> _WHAT NEEDS TO BE DONE_
I would like the line with "SNAP ON SMILE 100%" and every line after it, down to the end of the entries below, output exactly and without pictures.

> _DATA EXTRACTS_
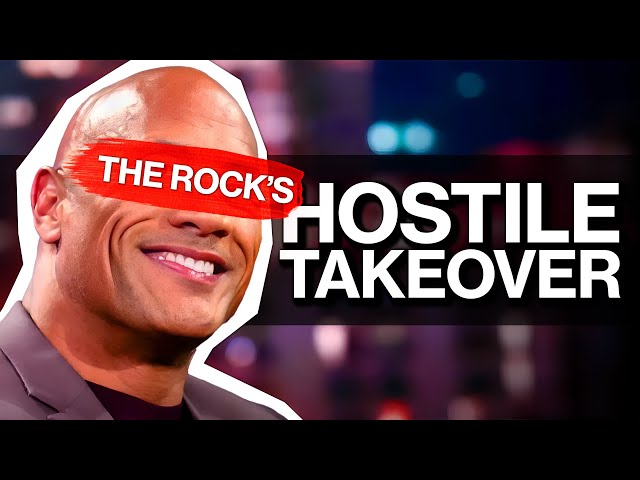 The Rock's Hostile Takeover of the World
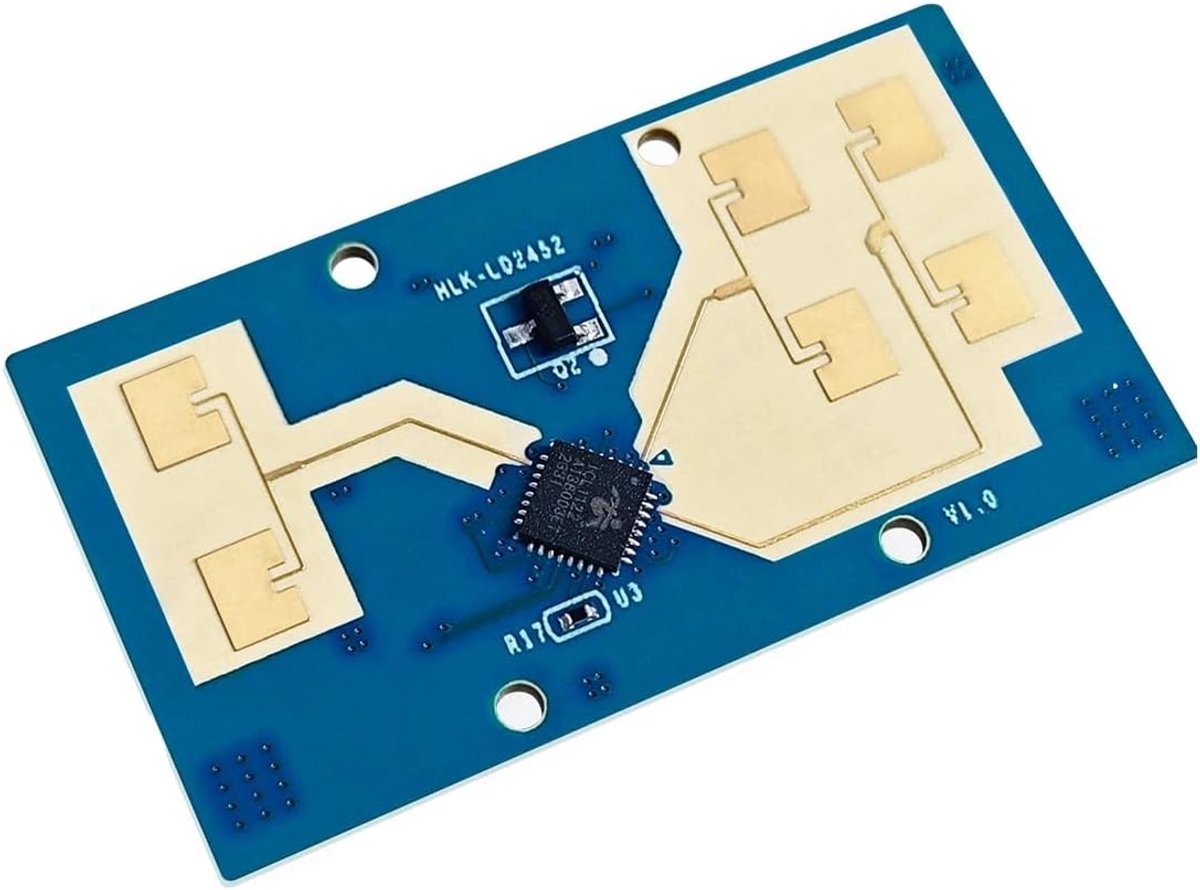 LD2452 24GHz Radar Sensor for Person and Position Recognition - Multi-Target Tracking up to 3 People - 6m Range - ShopVlot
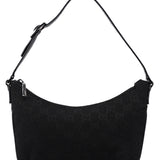 Gucci 005 0813 Black GG Shoulder Bag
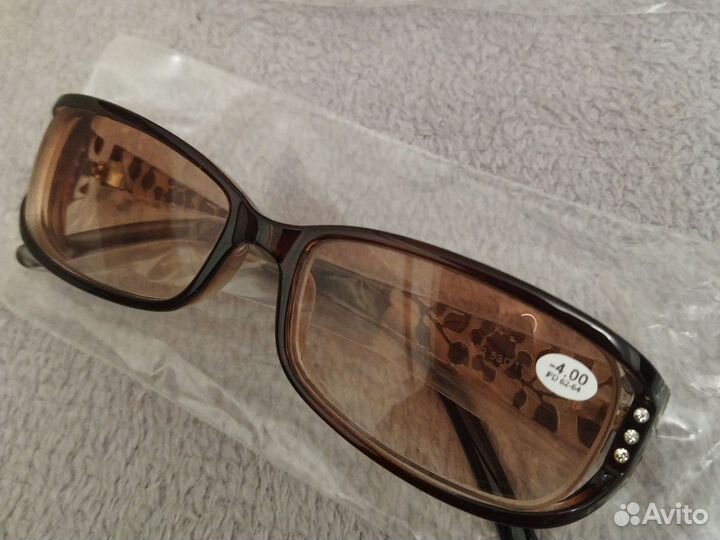 Очки для зрения на минус 4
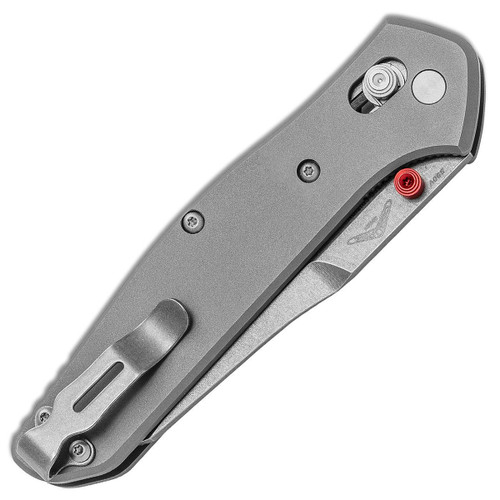 Benchmade Osborne Axis Lock Titanium Handle Stonewash S90V Blade Limited Edition 940-2001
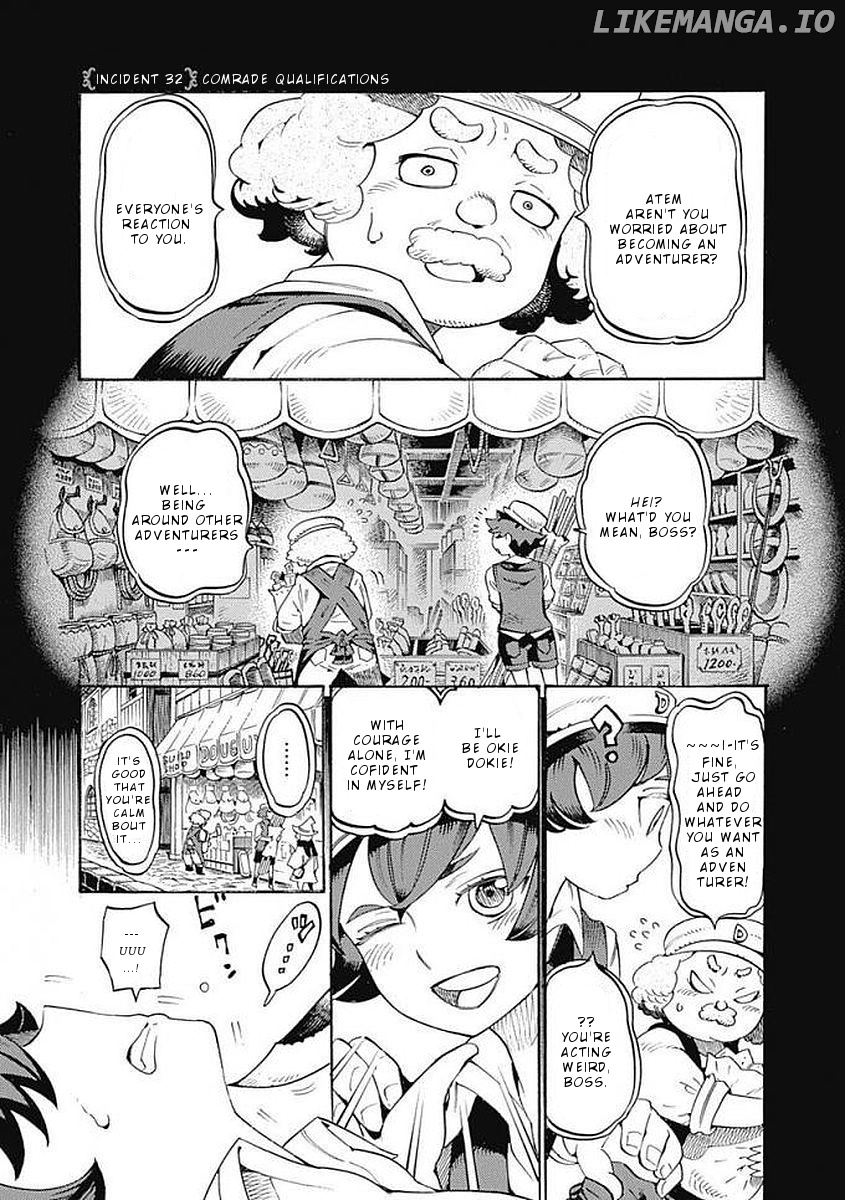 Lycanthrope Bouken Hoken chapter 32 - page 2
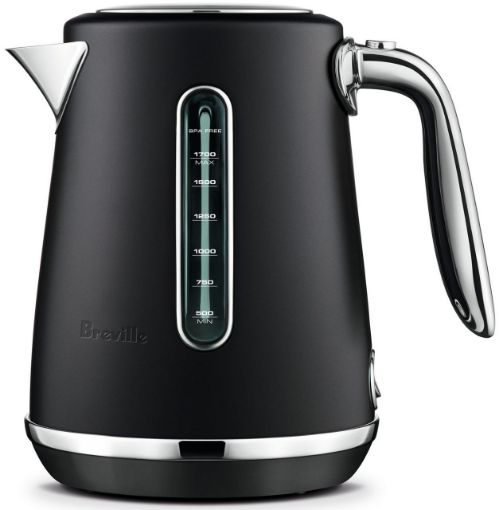 Picture of Breville - The Soft Top Luxe Kettle - Black Truffle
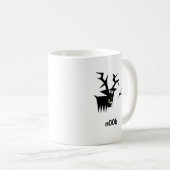 Hirsche n00b kaffeetasse (VorderseiteRechts)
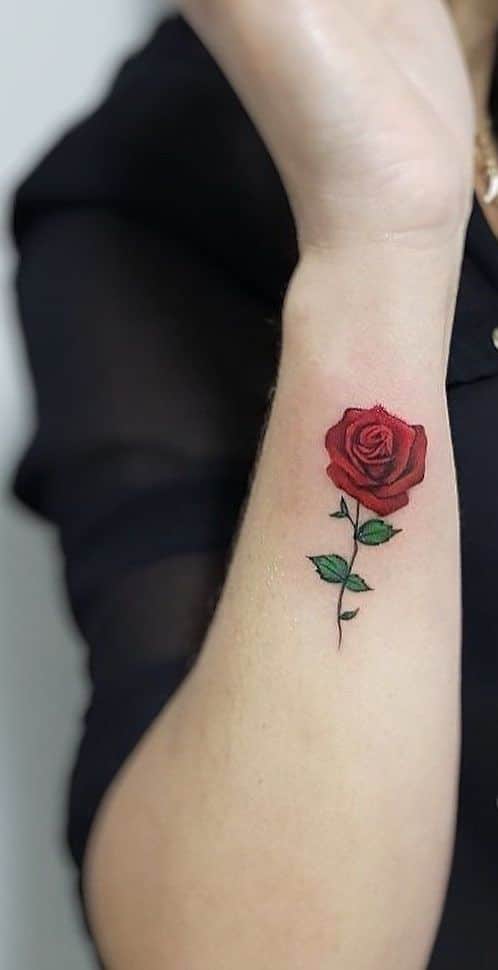 36 Incredible Rose Tattoo Designs to Make Your Friends Envious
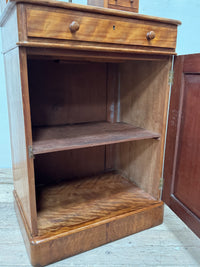A Late 19th Century Satin Birch Dressing Cabinet by Heals & Sons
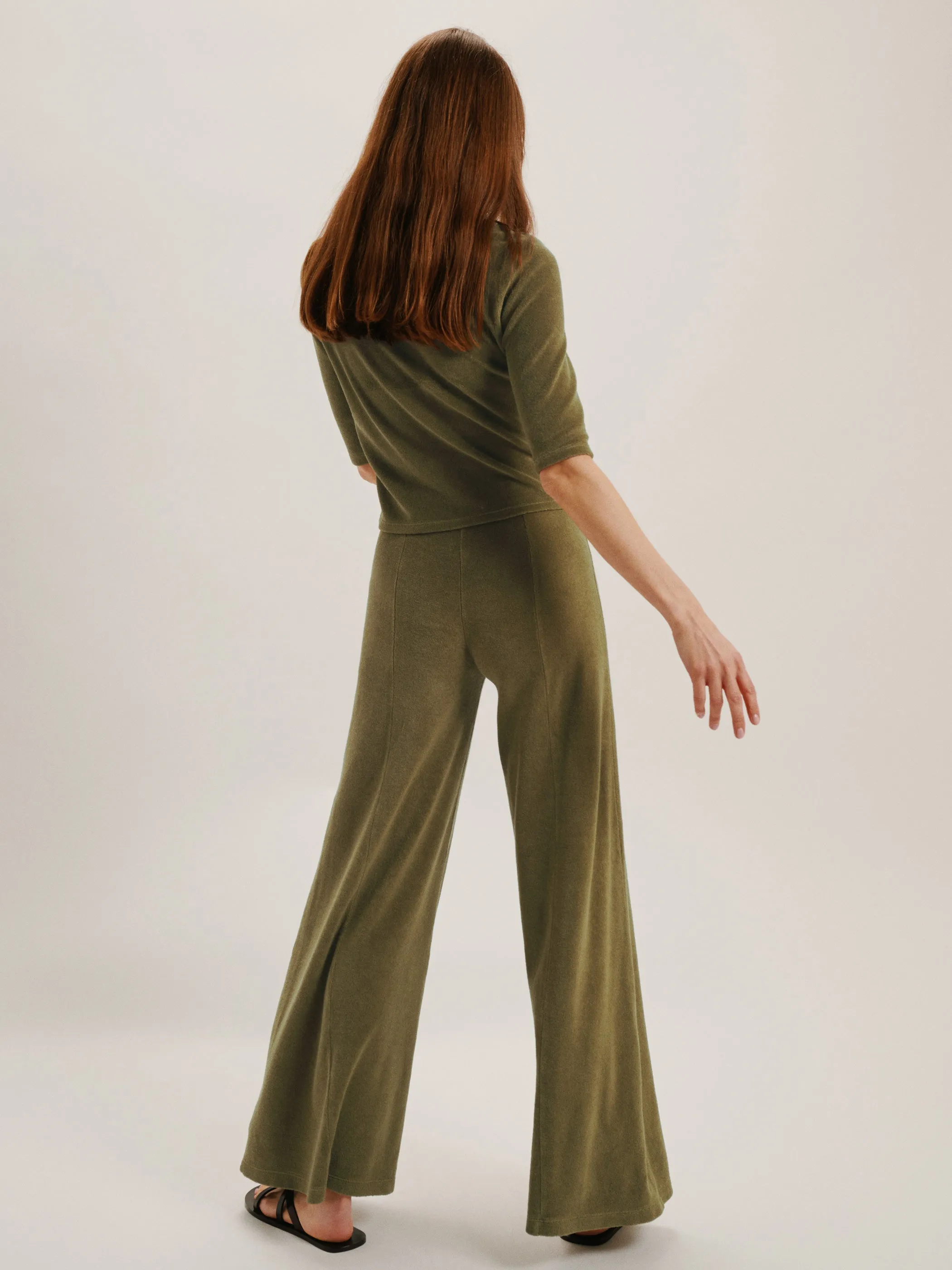 Megalo Pants in Terry sold by Suzie Kondi product image thumbnail 4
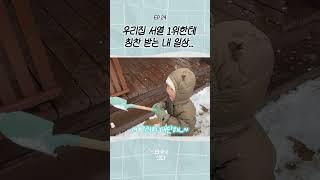 가르침 감사합니다 선생님3살 #육아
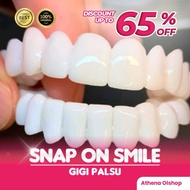 SNAP ON SMILE 100% original authentic / gigi palsu snap on smile 1 set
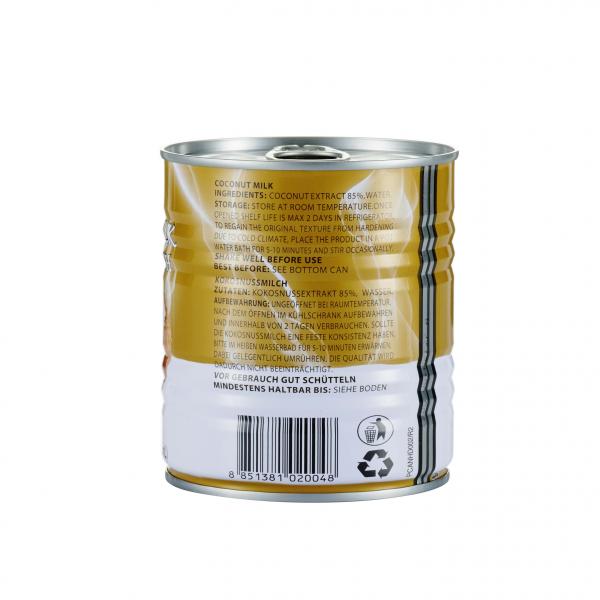 CANNED COCONUT MILK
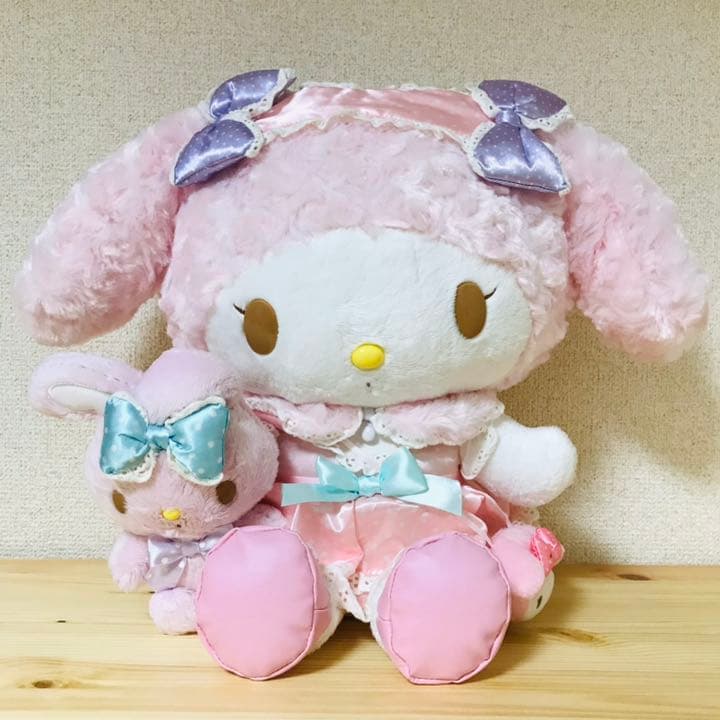 サンリオ マイメロディ DX おめかし ぬいぐるみ - メルカリ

> _SOLUTION FOR THIS PROBLEM_
 SNAP ON SMILE 100% original authentic / gigi palsu snap on smile 1 set
 CANNED COCONUT MILK
 サンリオ マイメロディ DX おめかし ぬいぐるみ - メルカリ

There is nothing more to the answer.